I had come to know God over the years as a shepherd, a loving parent, a good friend. And so I turned to my loving parent day and night for guidance and help. When the children were in school, I would sit at the kitchen table with my Bible and Science and Health, and I would let the truths in these books literally teach me how to behave, what to do. One statement that was particularly helpful was this question in Science and Health: "Are we really grateful for the good already received?" (p. 3).
On a walk one day, I wouldn't let myself go back in the house until I'd dropped just a bit of the baggage I'd left the house with. That time gratitude saved me. A list of things to be grateful for didn't flow like a river, but finally I was able to be so grateful for God, even in the midst of the darkness. Gratitude calmed my fears, opened doors, and would not let me spiral downward.
A trust in God to care for each need eventually replaced great fear of where we would live and what we would do. And of course the more peaceful I was, the more the children felt at home, too. God, divine Love, guided me through the legal process of the divorce as well.
The 91st Psalm was especially helpful. I read it almost every day. The promise in the first verse, "He that dwelleth in the secret place of the most High shall abide under the shadow of the Almighty," was home. This is where I lived. This is where my children lived, and yes, their father, too.
That verse read like this to my broken heart: "My dear daughter, you and your children are Mine. I have created you and made you good. Stay right here under My wings, My infinite love, and I will care for all your needs. Let My will be done, and only good will follow."

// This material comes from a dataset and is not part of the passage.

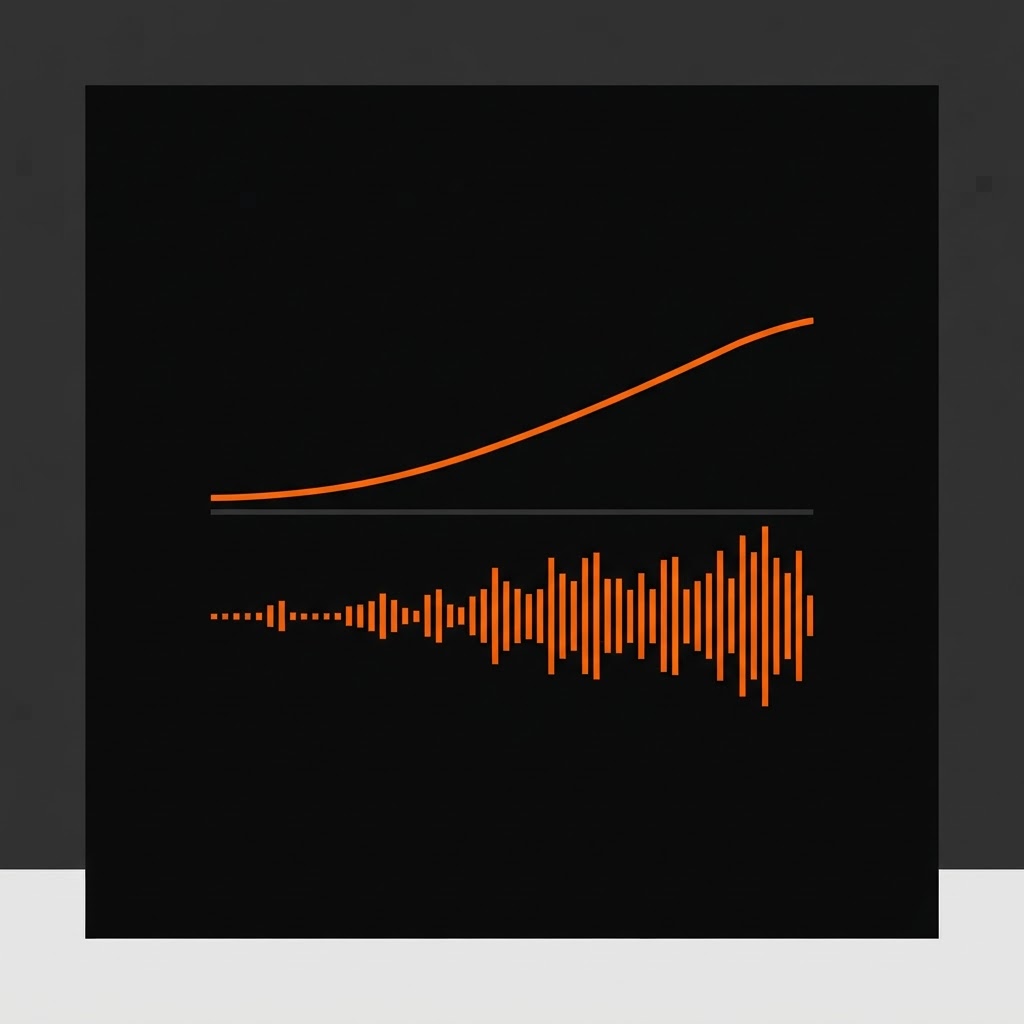 Graphic showing adaptive music getting more intense as gameplay intensity rises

The next verse is "I will say of the Lord, He is my refuge and my fortress: my God; in him will I trust." Our home, refuge, could be established only on God's foundation. Trusting God was home.
This sounds rather neat and tidy 12 years later. Yet it was hard work to keep my thought with God rather than on the injustice of it all. But like the beaver, I persisted and built a stronger sense of home for my children and me, and it continues to be a well-grounded refuge for our family.